# Assigned task
Below is a set of records. Repeat them verbatim without the pictures.

--

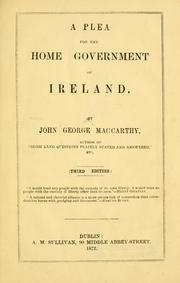 Cover of: A plea for the home government of Ireland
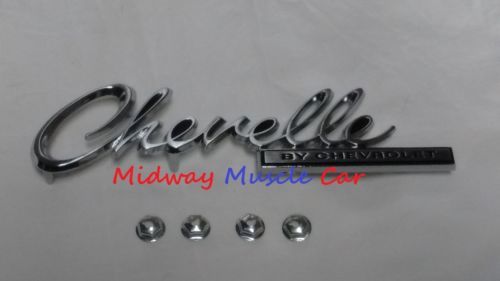 Chevelle by CHEVROLET rear deck trunk lid emblem 69 Chevy Chevelle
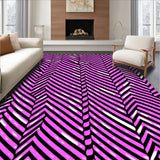 Abstract Chevron Interlocking Stripe Modern Art(Pink)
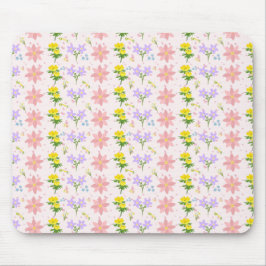 Soft Pastel Wildflower Botanical Pattern Mousepad 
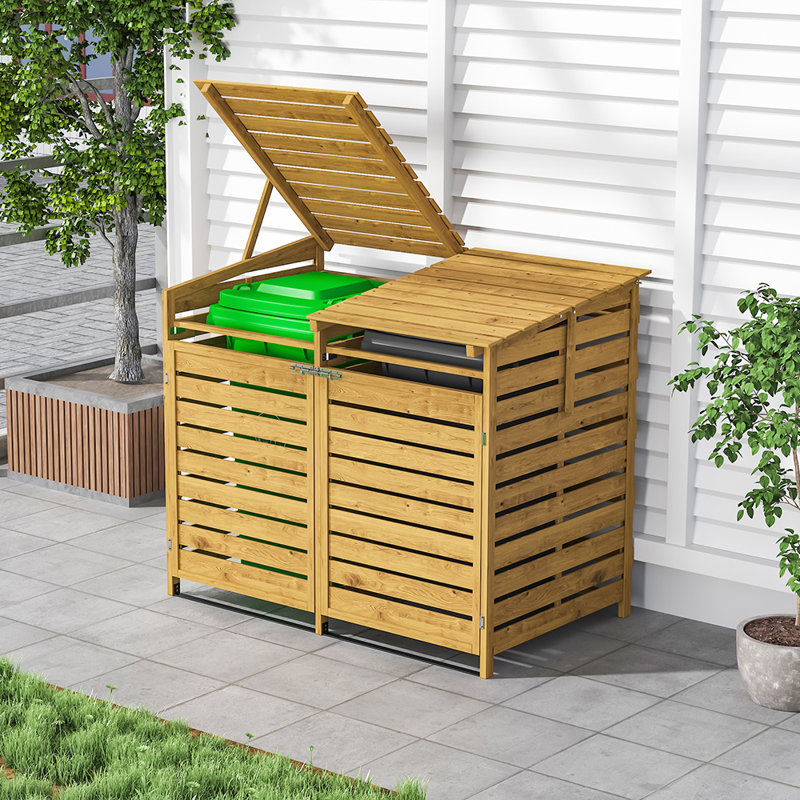 5 ft. W x 3 ft. D Solid Wood Garbage Shed, Brown
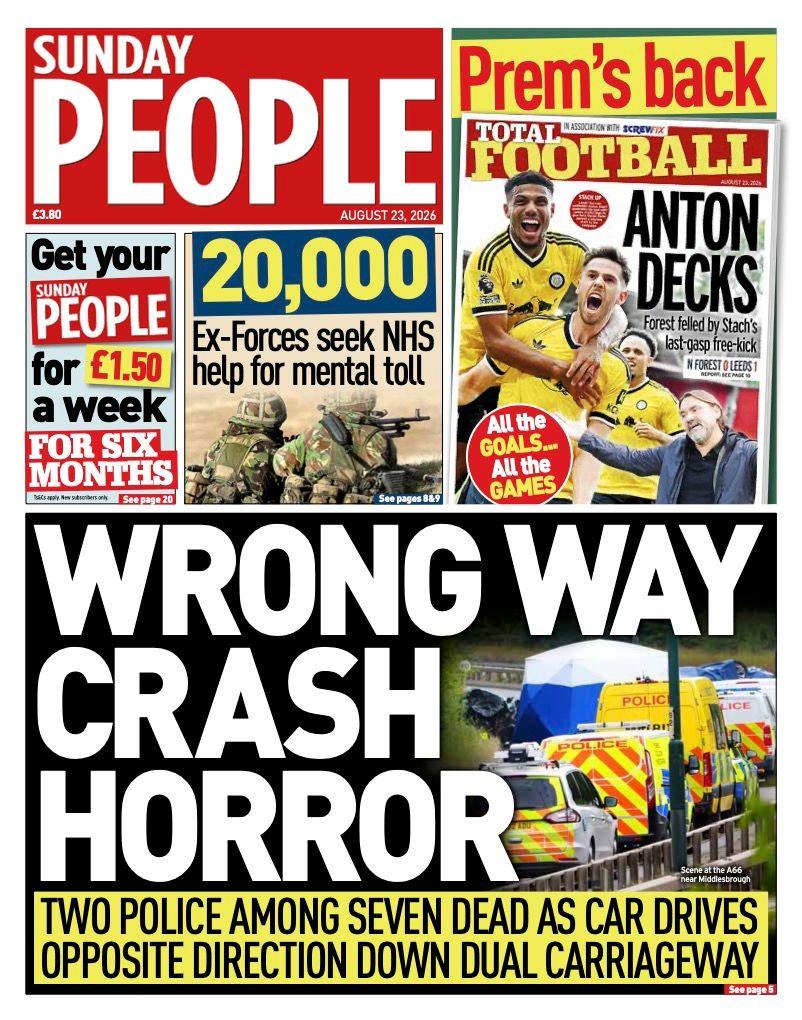 "Wrong way crash horror" reads the headline on the front page of the Sunday People.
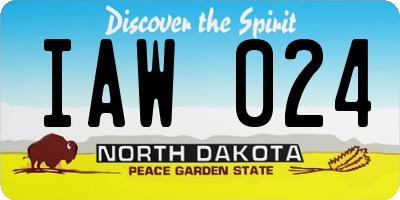 ND license plate IAW024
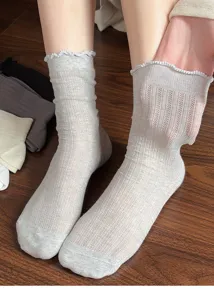 Summer women thin mesh hollow breathable ruffle cotton slouch socks detail showcase.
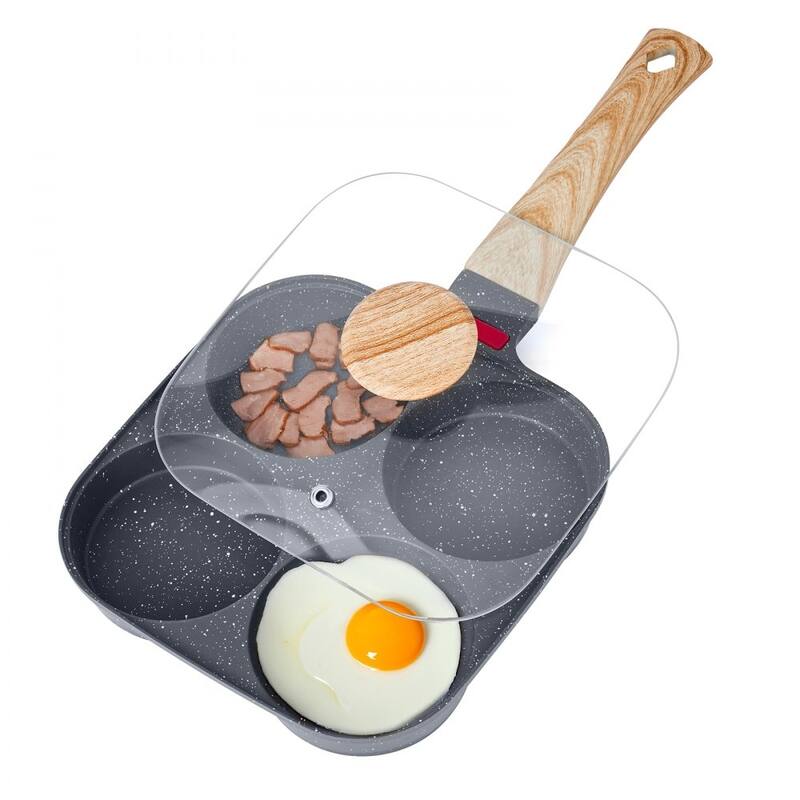 Black Aluminum Egg Pan 4-Hole with Maifan Stone Coating and Lid - 14.69 x 7.48 x 2.09 in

--

# Written response
 Cover of: A plea for the home government of Ireland
 Chevelle by CHEVROLET rear deck trunk lid emblem 69 Chevy Chevelle
 Abstract Chevron Interlocking Stripe Modern Art(Pink)
 Soft Pastel Wildflower Botanical Pattern Mousepad 
 5 ft. W x 3 ft. D Solid Wood Garbage Shed, Brown
 "Wrong way crash horror" reads the headline on the front page of the Sunday People.
 ND license plate IAW024
 Summer women thin mesh hollow breathable ruffle cotton slouch socks detail showcase.
 Black Aluminum Egg Pan 4-Hole with Maifan Stone Coating and Lid - 14.69 x 7.48 x 2.09 in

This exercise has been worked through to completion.